Domingo, 05 Mayo 2024

Editoriales

¡Ábrete!

¡Ábrete!

Luego de su encuentro con la mujer sirofenicia, el Señor emprendió un recorrido extenso hacia el oriente por la Decápolis, las diez ciudades griegas, para regresar finalmente, por el sur, a territorio judío: “Se marchó de la región de Tiro y vino de nuevo, por Sidón, al mar de Galilea, atravesando la Decápolis. Le presentan un sordo que, además, hablaba con dificultad, y le ruegan imponga la mano sobre él. Él, apartándolo de la gente, a solas, le metió sus dedos en los oídos y con su saliva le tocó la lengua. Y, levantando los ojos al cielo, dio un gemido, y le dijo: «Effatá», que quiere decir: «¡Ábrete!» Se abrieron sus oídos y, al instante, se soltó la atadura de su lengua y hablaba correctamente. Jesús les mandó que a nadie se lo contaran. Pero cuanto más se lo prohibía, tanto más ellos lo publicaban. Y se maravillaban sobremanera y decían «Todo lo ha hecho bien; hace oír a los sordos y hablar a los mudos.»” (Mc 7,31-37).

Hacia el término de su recorrido, Jesús se encontró con un hombre sordo que por no escuchar, hablaba con dificultad; una muestra de la situación en la que se encontraba el Pueblo de Dios, que por haber perdido la escucha de la Palabra, ya no se expresaba de una manera correcta, acorde a la voluntad divina.

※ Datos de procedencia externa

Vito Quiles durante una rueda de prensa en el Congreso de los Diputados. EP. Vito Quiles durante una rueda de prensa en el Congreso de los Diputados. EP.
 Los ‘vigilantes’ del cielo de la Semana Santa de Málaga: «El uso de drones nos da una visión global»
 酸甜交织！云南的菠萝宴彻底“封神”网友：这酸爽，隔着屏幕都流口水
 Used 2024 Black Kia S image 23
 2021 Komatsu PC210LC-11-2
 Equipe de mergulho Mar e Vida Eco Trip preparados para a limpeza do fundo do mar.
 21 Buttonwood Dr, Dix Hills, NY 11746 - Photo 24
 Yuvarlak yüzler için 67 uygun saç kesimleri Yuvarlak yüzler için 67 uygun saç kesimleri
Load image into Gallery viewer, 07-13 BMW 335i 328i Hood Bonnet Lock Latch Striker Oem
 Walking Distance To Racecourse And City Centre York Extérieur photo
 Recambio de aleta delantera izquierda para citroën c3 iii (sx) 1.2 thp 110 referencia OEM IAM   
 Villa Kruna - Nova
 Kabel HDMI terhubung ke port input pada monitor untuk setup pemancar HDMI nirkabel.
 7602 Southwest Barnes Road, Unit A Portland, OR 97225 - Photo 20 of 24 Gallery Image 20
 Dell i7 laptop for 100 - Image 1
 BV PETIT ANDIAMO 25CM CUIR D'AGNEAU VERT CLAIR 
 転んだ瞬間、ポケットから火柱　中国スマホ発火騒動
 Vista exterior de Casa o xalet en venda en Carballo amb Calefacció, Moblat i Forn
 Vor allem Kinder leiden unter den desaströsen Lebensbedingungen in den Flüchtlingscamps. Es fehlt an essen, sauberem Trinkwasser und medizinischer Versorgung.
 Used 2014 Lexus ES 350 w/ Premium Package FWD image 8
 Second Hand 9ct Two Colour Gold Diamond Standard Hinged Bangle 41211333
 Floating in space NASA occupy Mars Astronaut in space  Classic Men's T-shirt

Aquel pueblo requería de un reencuentro con Dios, tal como le apremiaba a aquel hombre sordo, señalado como impuro y maldito por los mismos que nada podían hacer por él. Jesús lo retiró de tantas maldiciones, lo apartó de todos y lo llevó a la dichosa soledad que alivia toda perturbación; vio en ese hombre a su creatura amada, y acercándose a su pesar, le habló de tal manera que pudiese descifrar, desde su silente entendimiento, que haría un bien en él allí donde nada estaba bien. Cautivó su atención y vio que le miraba con interés curioso, aunque lleno de esperanza, con sus grandes ojos por los que hablaba todo lo que sus labios no podían expresar. Y cuando el Señor notó que con docilidad le entregaba su confianza, hizo en él un poderoso signo al meter sus dedos en sus oídos y al tomar saliva de su boca para colocarla delicadamente en su lengua. Ninguna turbación pasaba en el corazón de aquel hombre y nada lo alteraba, se sintió sereno y seguro al percatarse de que el Señor podría purificarlo, y por primera vez se supo amado.

Muchos de nuestros pesares son consecuencia de lo que oímos; mucho del mal que nos oscurece se incuba en los embrollos de lo que se habla mediante palabras proferidas como insultos, acusaciones y calumnias, de agresiones revestidas de vocablos que fácilmente se encarnan en lesiones que mancillan la dignidad humana.

Jesús invocó al Padre en un gemido que surgió de su corazón compadecido, y soltó un grito que aun resuena para que todos lo escuchemos: ¡Ábrete! Esto es, a la acción de Dios en la vida propia, a la paz que él nos trae, a la reconciliación con los demás. Abrirse al amor de Dios. Y entonces obró el milagro.

Los oídos de aquel sordo se abrieron y comenzó a gozar de las voces y de los susurros; y cada amanecer de sus días fue una fiesta cuando iba descubriendo el silbo de los vientos, las melodías de la mar y de los ríos, las voces de las aves y los cantos del arpa y de la flauta. Su lengua se soltó de ataduras, se liberó del silencio infecundo y conoció la armonía de las palabras. Y además de expresarse con la pronunciación precisa, lo que hablaba era lo correcto, lo justo y lo bueno.

Abrámonos a la acción de Dios y quedaremos sorprendidos de lo que escucharemos y de lo que diremos, pues expresaremos palabras que animarán a otros, que levantarán a los demás al pronunciar el perdón, dichos de misericordia, de amistad, de amor; diremos lo que el mundo necesita sentir, pues al escuchar a Dios, hablaremos de lo que él nos dice.

Tras concederle a aquel hombre la escucha y la voz, Jesús pidió que no se divulgara el milagro, pero no pudieron callar al ser testigos de estos primeros signos anunciados desde siglos: “Entonces se despegarán los ojos de los ciegos y las orejas de los sordos se abrirán. Entonces saltará el cojo como ciervo, y la lengua del mudo lanzará gritos de júbilo” (Is 35,5-6).

La plenitud había llegado con el Redentor entre nosotros. Cristo está aquí, y con la atención puesta en él, nosotros también escucharemos su salvífica exhortación: ¡Ábrete!